The 2nd reading debate on the CYP Bill was yesterday. I wrote a speech that time prevented me from giving which follows. There was only 6 minutes when I was called so I spoke for 3 minutes because there was one other person who needed to be called.
This is, however, what I would have said had I had the time:
Honorable Members will be aware that I have concerns about the processes involved in Public Family Law within the UK.
These concerns are shared by a number of other Hon Members who have encountered surprising cases in their constituencies.
This Bill allows the opportunity to make some improvements to the processes of Public Family Law that are urgently needed today.
It is important to recognise that the culture established by the judicial process develops the administrative culture throughout an area of society. We have a strong tradition of accountability in civil law. This leads to a clear system of law which governs most activity in civil society.
However, in family law the level of accountability could be improved. Public Family law procedure in particular drives the culture in local authorities and CAFCASS which is recognised by many to be less than ideal.
As part of an all party group of MPs I, therefore, will be tabling two New Clauses to the Bill.
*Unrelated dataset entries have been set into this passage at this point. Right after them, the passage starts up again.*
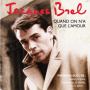 Brel, Jacques - Quand On N'a Que L'amour (best Of Early Years)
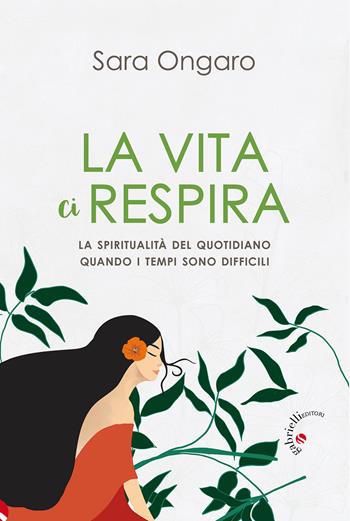 La vita ci respira. La spiritualità del quotidiano quando i tempi sono difficili - Sara Ongaro - Libro Gabrielli Editori 2024 | Libraccio.it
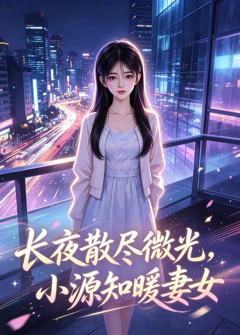 《长夜散尽微光，小源知暖妻女》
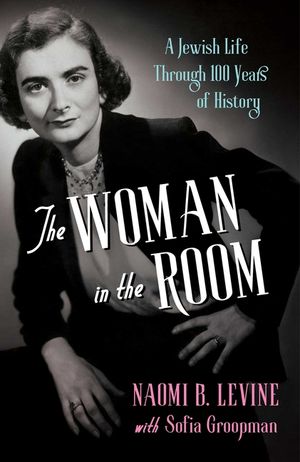 The Woman in the Room: A Jewish Life Through 100 Years of History image number 0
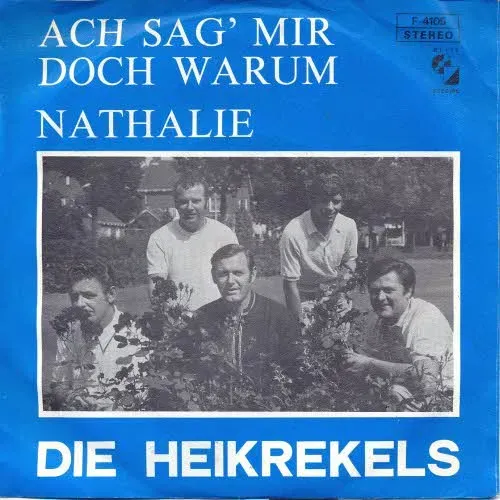Heikrekels - Ach sag' mir doch warum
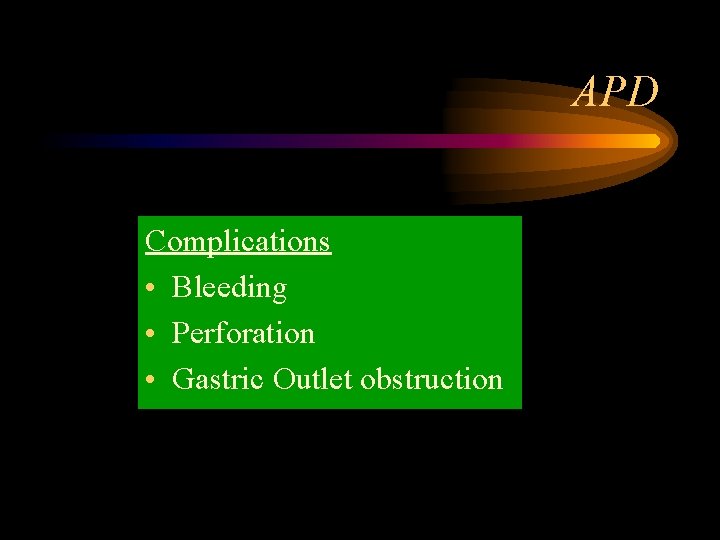 APD Complications • Bleeding • Perforation • Gastric Outlet obstruction 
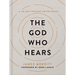 The God Who Hears: A 40-Day Prayer Devotional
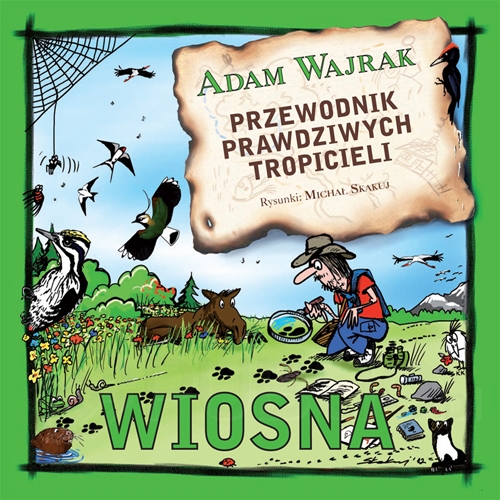 Wiosna. Przewodnik prawdziwych tropicieli — okładka e-booka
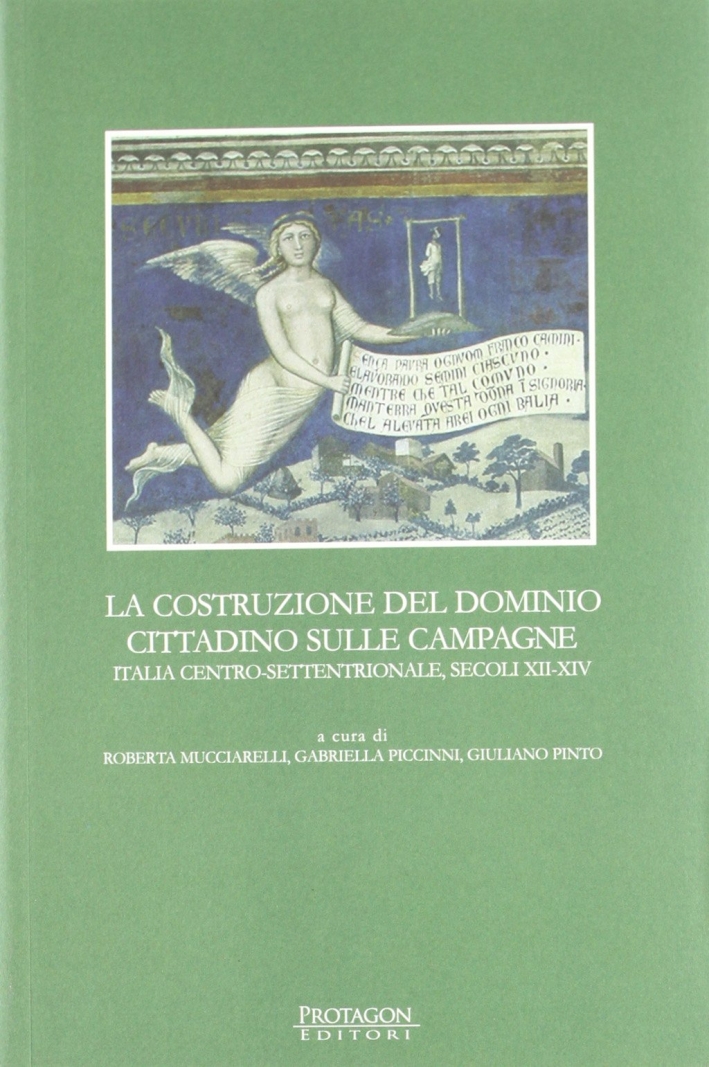 La costruzione del dominio cittadino sulle campagne. Italia centro-settentrionale, secoli XII-XIV La costruzione del dominio cittadino sulle campagne. Italia centro-settentrionale, secoli XII-XIV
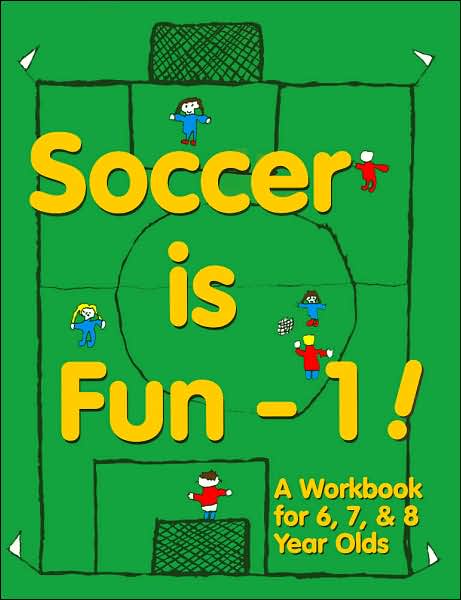 Soccer is Fun - 1!: A Workbook for 6, 7, & 8 Year Olds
The first Clause increases the accountability of the judicial processes. It permits MPs full access to the proceedings and allows parties to obtain the evidence to substantiate their case. It is ludicrious that an MP is not allowed to pass evidence to a regulator or that court permission is required to pass evidence to the GMC.
This clause also deals with one of the key problem areas where large numbers of miscarriages of justice occur. A practise the courts have developed is to have joint appointment of experts. This means simply that the local authority has control over who is allowed to act as an expert. Because the parents have far less frequent contact with the judicial process all the cards end up being held by the local authority.
Last year a Social Worker came to me and explained how he had discussed with parents’ solicitors how to undermine the parents’ case. This is easily done by the appointment of the right expert.
It is then necessary to obtain the judges permission before the case papers can be shown to any other expert. There are many cases where there has been a real struggle to get an independent expert appointed and when the independent expert has been appointed the parents have won their case. There are other cases where an independent expert has been refused. The end result of this is potentially a miscarriage of justice.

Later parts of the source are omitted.